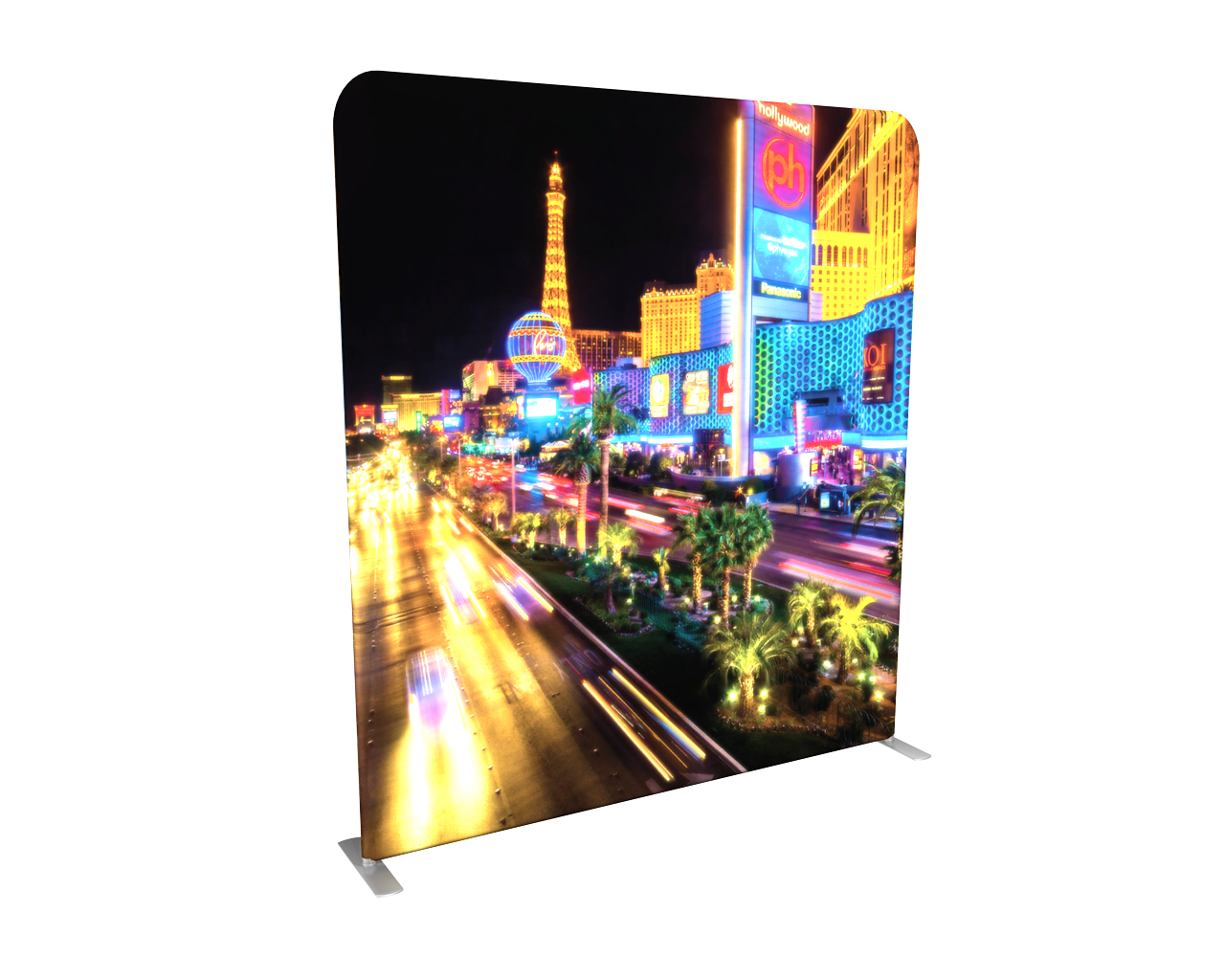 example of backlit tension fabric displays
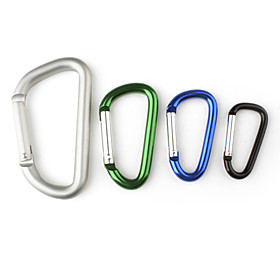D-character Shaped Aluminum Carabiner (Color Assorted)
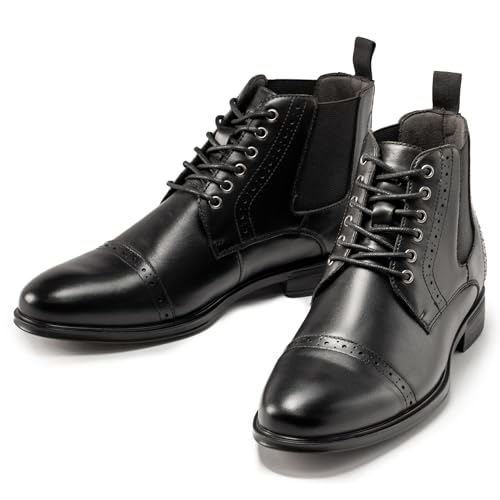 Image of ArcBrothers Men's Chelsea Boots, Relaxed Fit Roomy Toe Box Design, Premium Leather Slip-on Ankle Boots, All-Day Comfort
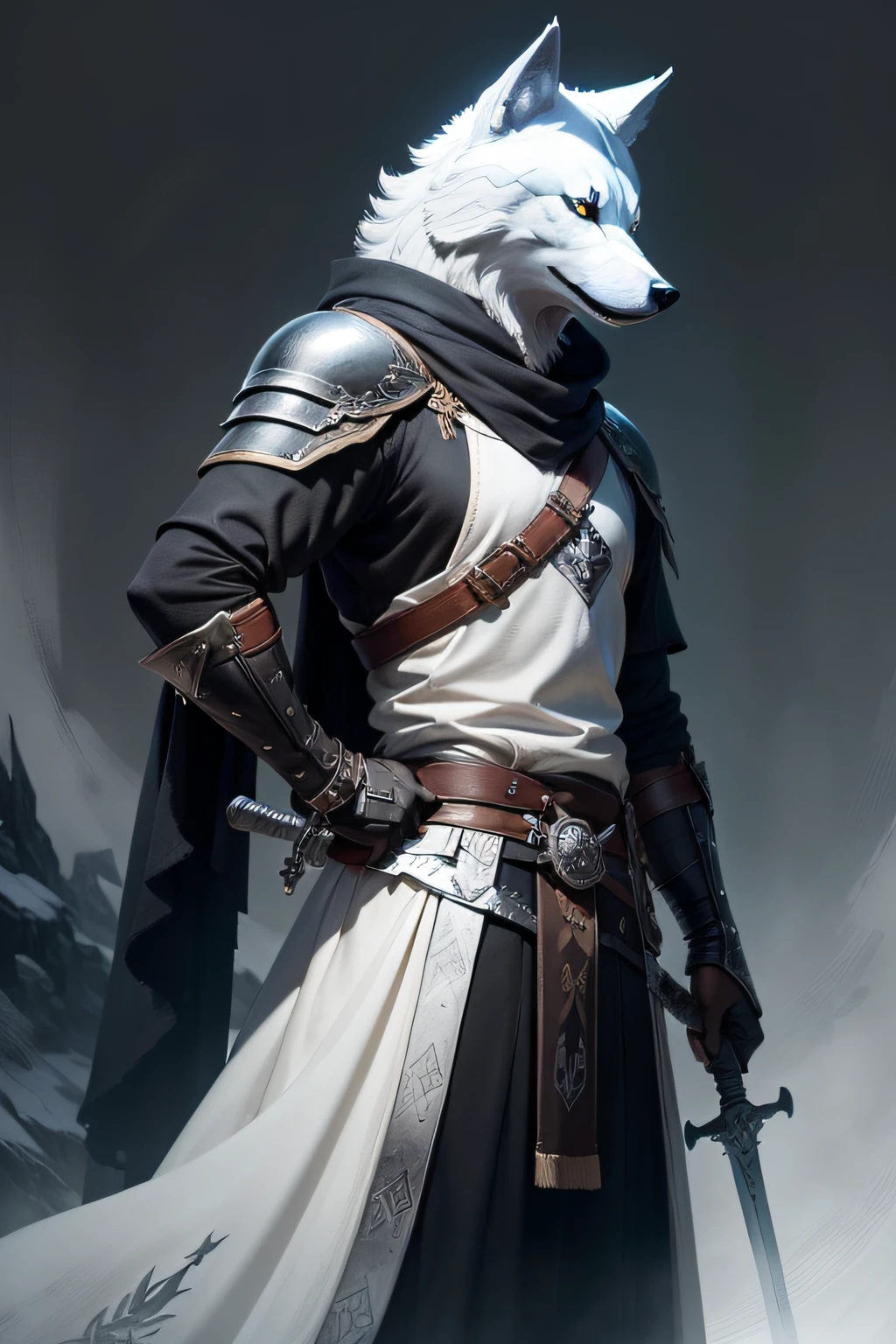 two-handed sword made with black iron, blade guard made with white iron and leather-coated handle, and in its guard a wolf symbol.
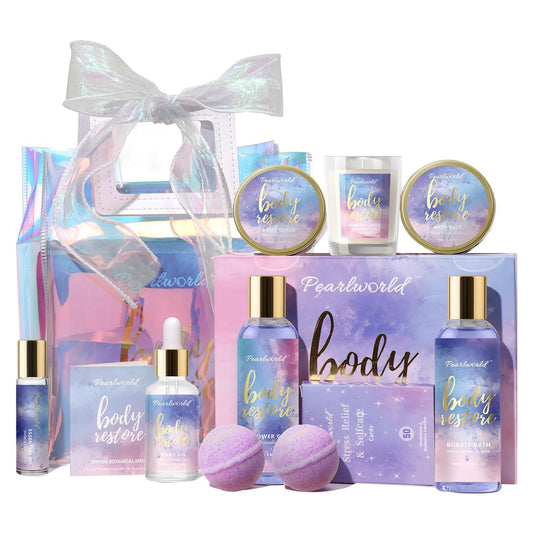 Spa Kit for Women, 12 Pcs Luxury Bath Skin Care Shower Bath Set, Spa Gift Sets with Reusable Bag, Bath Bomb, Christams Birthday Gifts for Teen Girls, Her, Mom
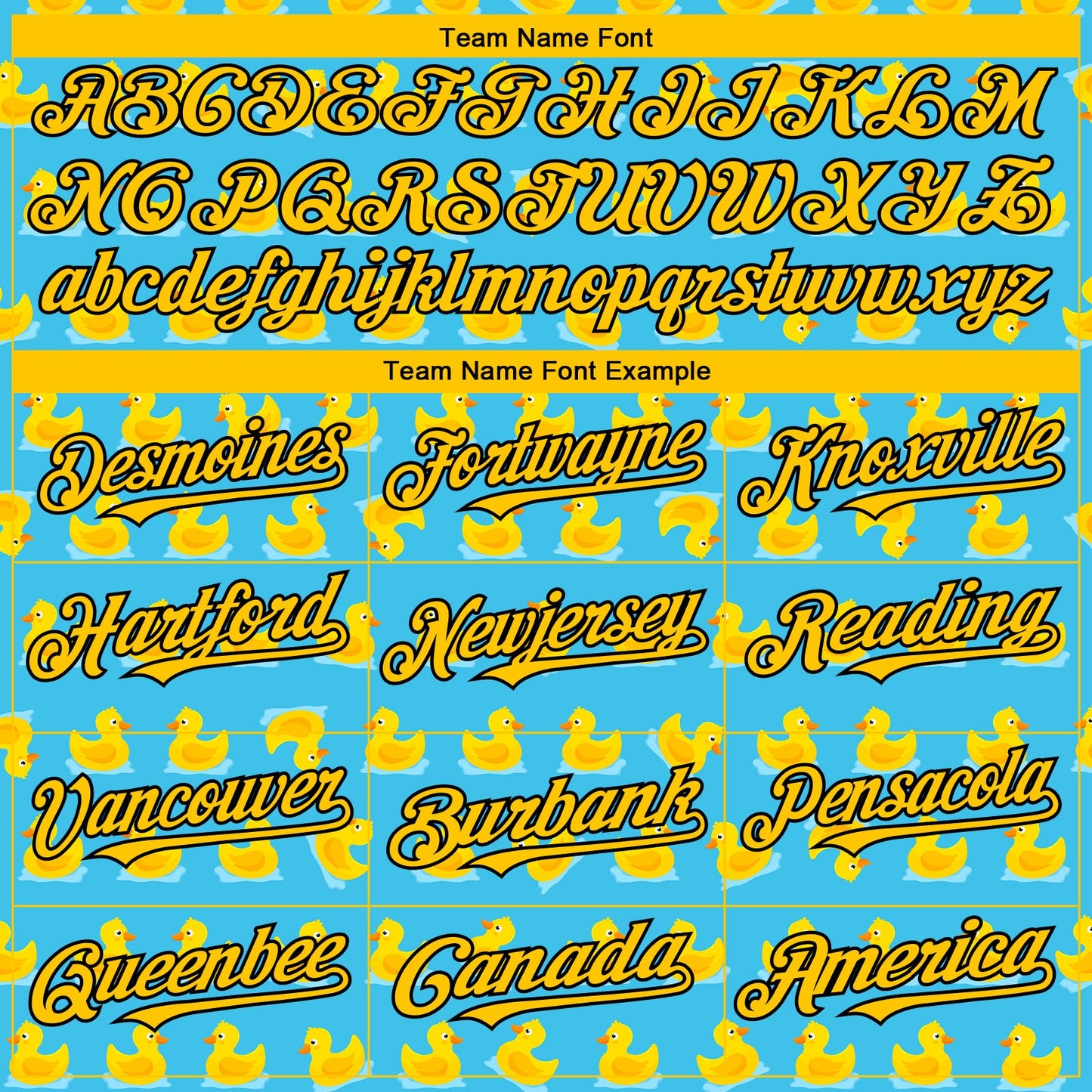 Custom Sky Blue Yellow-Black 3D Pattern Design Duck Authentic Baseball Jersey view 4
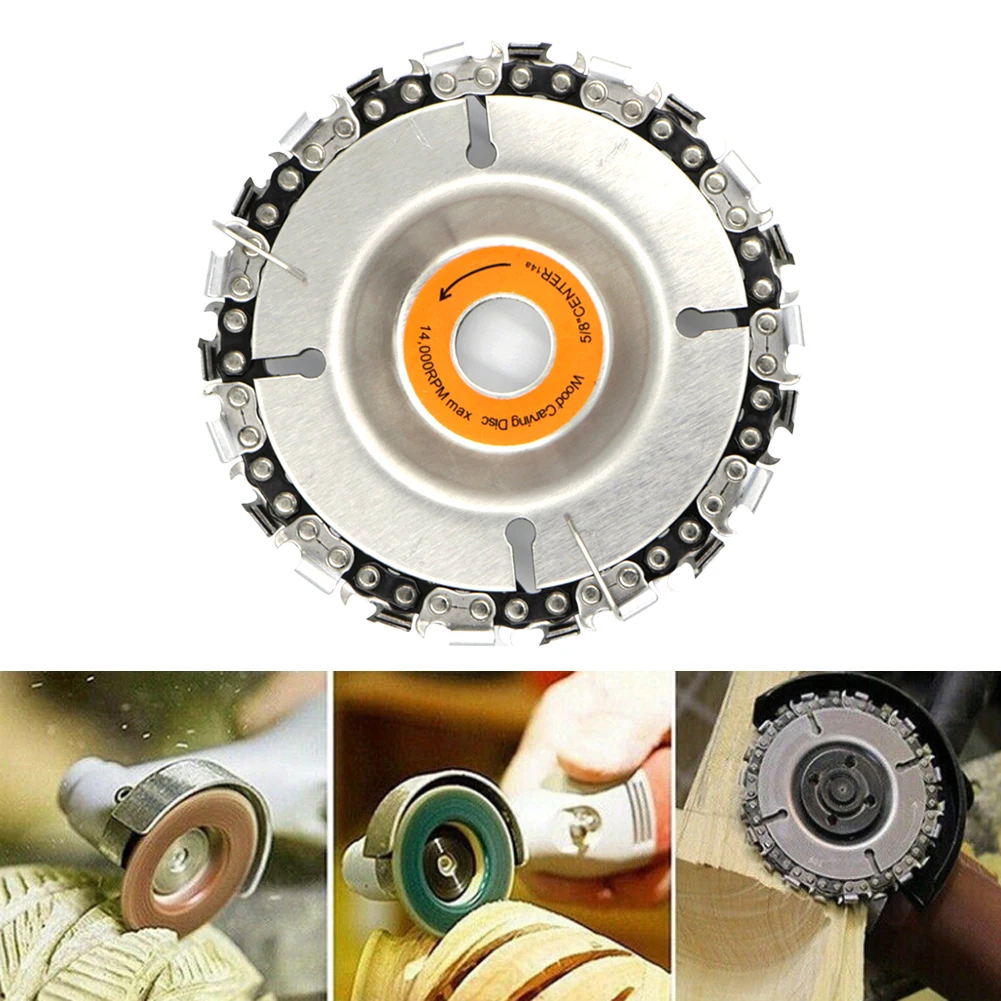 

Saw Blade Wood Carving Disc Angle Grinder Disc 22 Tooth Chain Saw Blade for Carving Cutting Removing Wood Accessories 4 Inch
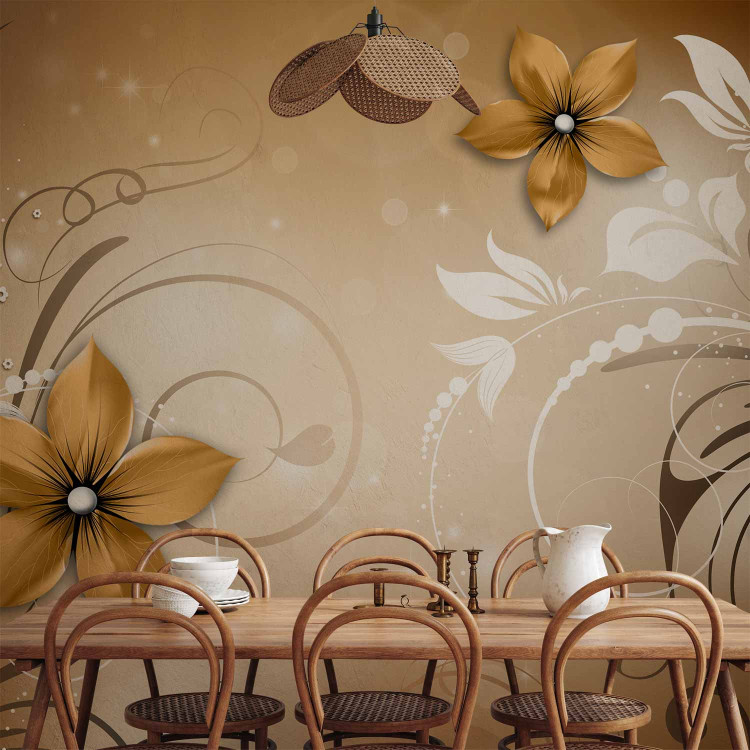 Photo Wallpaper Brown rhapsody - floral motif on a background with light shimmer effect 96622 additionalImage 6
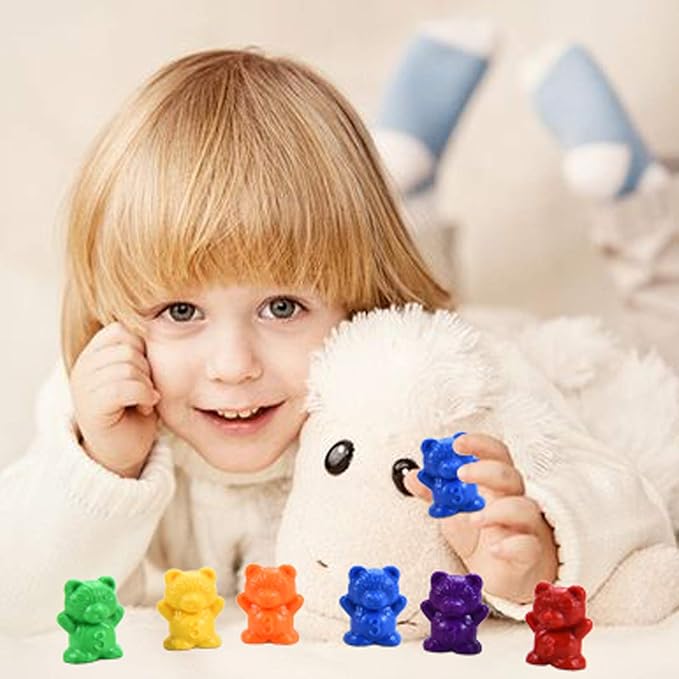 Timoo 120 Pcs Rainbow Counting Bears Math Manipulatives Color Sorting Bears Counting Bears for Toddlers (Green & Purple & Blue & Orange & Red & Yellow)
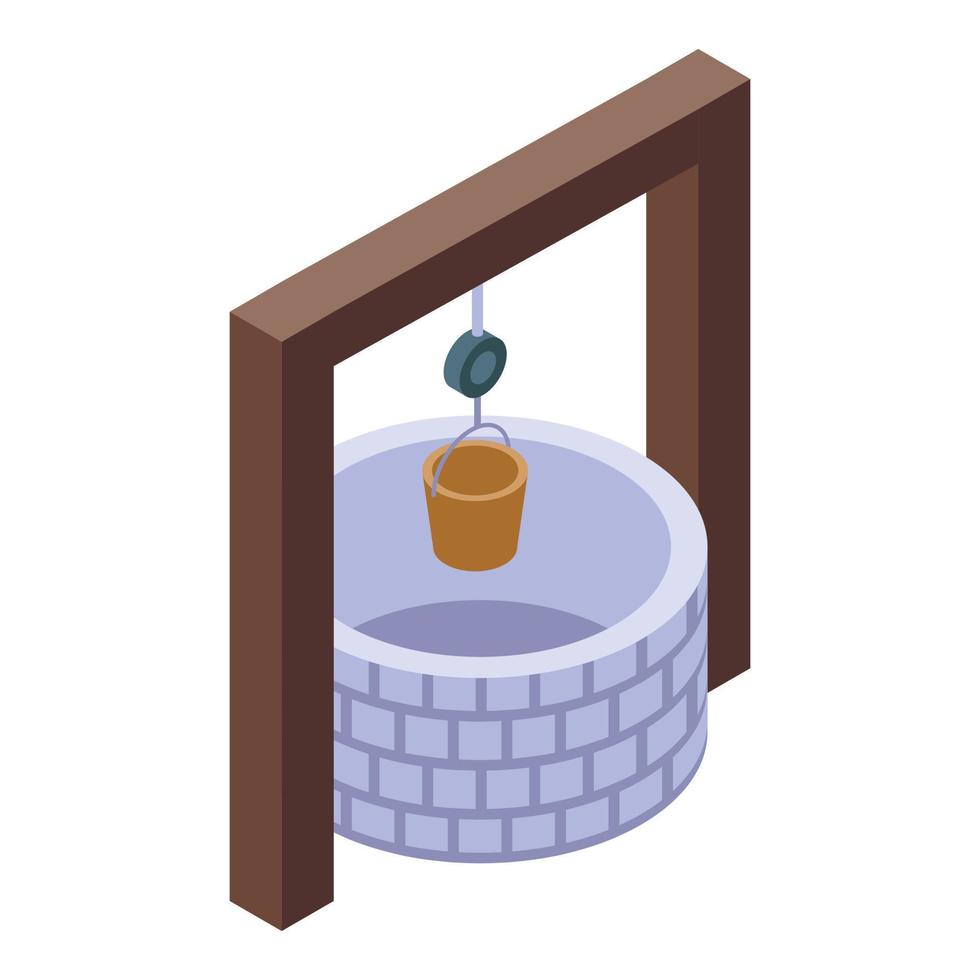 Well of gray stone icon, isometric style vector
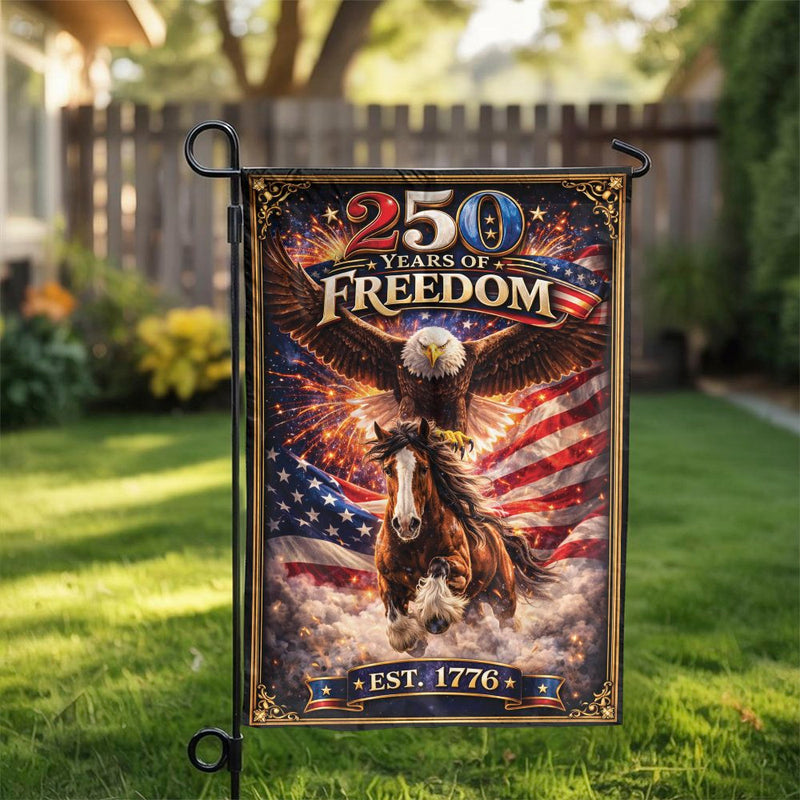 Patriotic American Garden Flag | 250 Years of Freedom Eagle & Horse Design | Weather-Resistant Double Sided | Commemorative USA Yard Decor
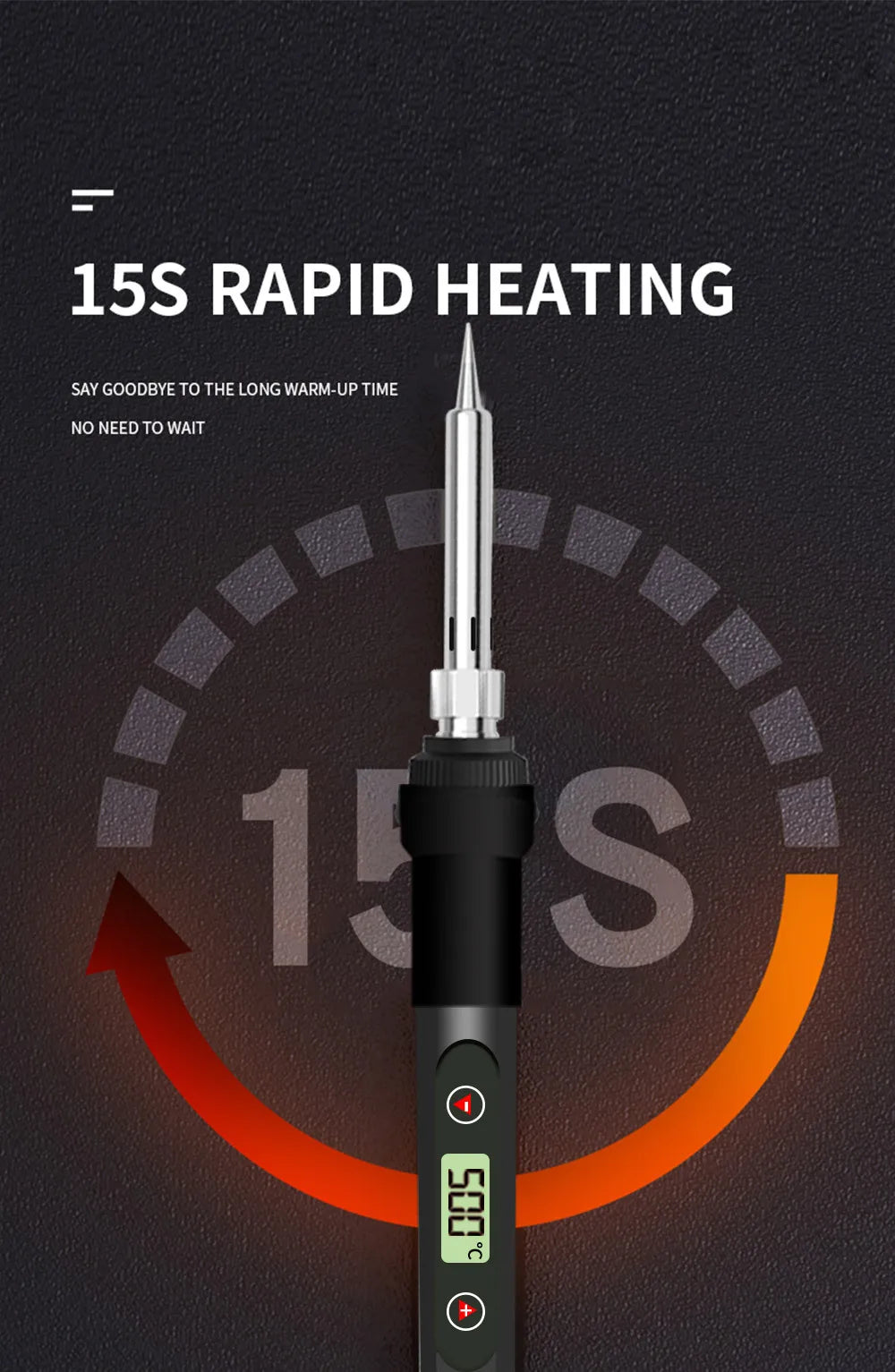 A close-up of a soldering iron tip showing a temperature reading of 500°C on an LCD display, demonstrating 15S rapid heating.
_ _ _ _
▶ **EXERCISE**
Would you output only the span of the records above that opens with the line containing "D-character Shaped Aluminum" and closes with the line containing "Custom Sky Blue", ends included and pictures dropped?

▶ **ANSWER SECTION**
D-character Shaped Aluminum Carabiner (Color Assorted)
 Image of ArcBrothers Men's Chelsea Boots, Relaxed Fit Roomy Toe Box Design, Premium Leather Slip-on Ankle Boots, All-Day Comfort
 two-handed sword made with black iron, blade guard made with white iron and leather-coated handle, and in its guard a wolf symbol.
 Spa Kit for Women, 12 Pcs Luxury Bath Skin Care Shower Bath Set, Spa Gift Sets with Reusable Bag, Bath Bomb, Christams Birthday Gifts for Teen Girls, Her, Mom
 Custom Sky Blue Yellow-Black 3D Pattern Design Duck Authentic Baseball Jersey view 4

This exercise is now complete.